The proposed Safe Water and Nutrition Access Act comes as a $220 million Flint-inspired package backed by U.S. Sens. Debbie Stabenow of Lansing and Gary Peters of Bloomfield Township has stalled in the Republican-controlled Senate.
“Anything that gets done needs to be a bipartisan resolution,” Moolenaar said in a Friday interview.
Under the legislation, Flint would be eligible for up to $20 million in grants for repairing its damaged underground water pipeline infrastructure and making upgrades to its treatment plant, said the freshman congressman whose district borders the Flint district.
The bill includes $5 million in financing for the development of new grocery stores in Flint and a $5 million loan program for aiding the distribution of locally produced nutritious fruit and vegetables that doctors say can counter the harmful effects of lead poisoning.
Moolenaar, a member of the House Agriculture Committee, said the nutrition-related legislation seeks to attract long-term investment in a low-income urban area that has long been under-served by chain grocery stores that sell fresh fruit and vegetables.
“We know there’s an urgency there for organizations and agricultural partners to bring in resources right now,” Moolenaar said. “But you also want a more sustainable approach. We don’t want something to be there for a short period of time.”

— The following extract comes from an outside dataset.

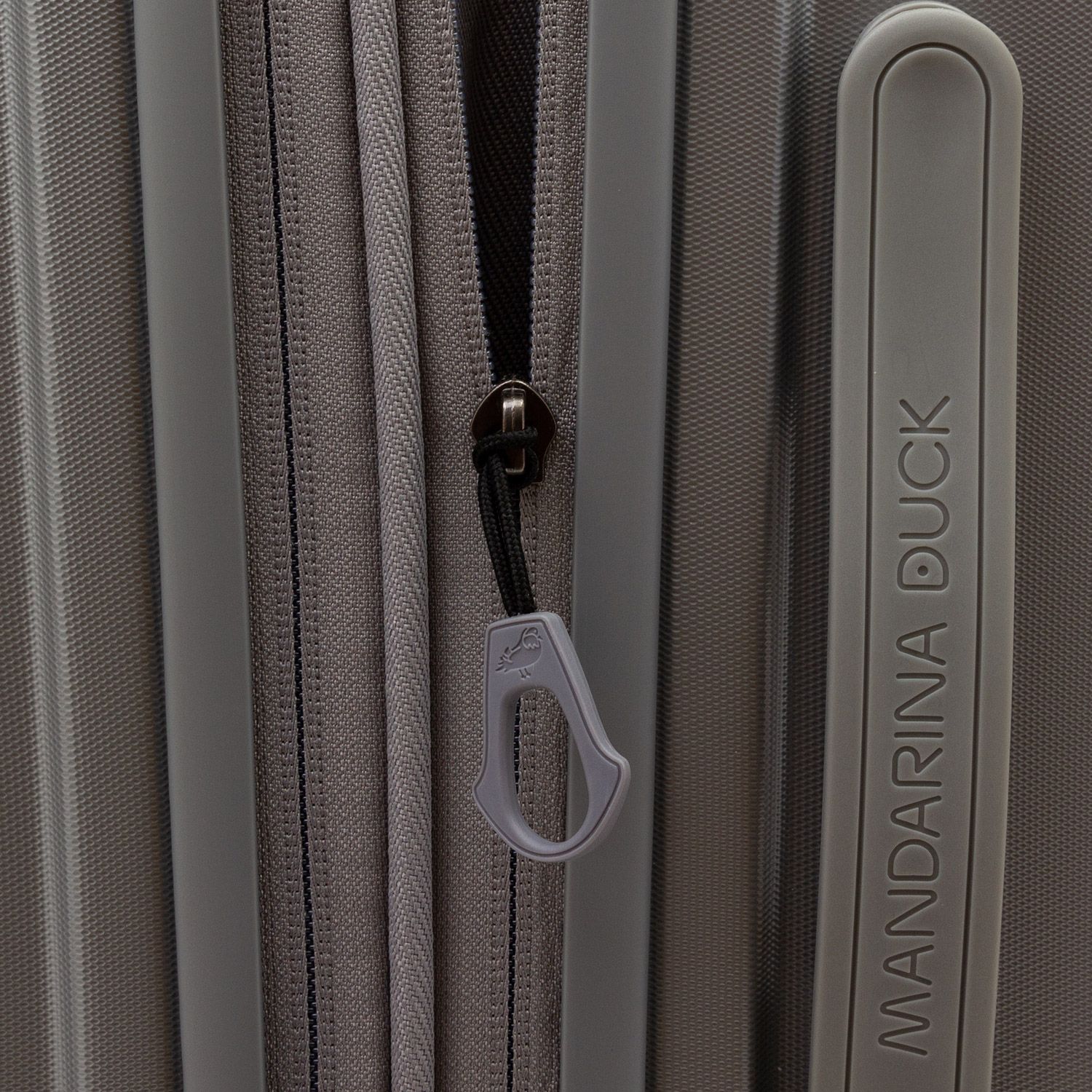 SZV32-466 Чемодан SZV32 Expandable Medium Trolley Mandarina Duck Logoduck+  - Вид №7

Moolenaar’s bill was co-sponsored by seven of Michigan’s eight Republican House members.
U.S. Rep. Justin Amash did not sign onto the bill. The Kent County Republican, a member of the U.S. House Oversight and Government Reform Committee that has held three hearings on Flint, has advocated for state government to tap a nearly $600 million reserve fund to pay for Flint’s emergency water needs.
In addition to special funding streams designed to aid Flint, Moolenaar’s bill includes $40 million in grants to assist rural areas in the construction of new water treatment plants and deal with groundwater contamination from agricultural runoff.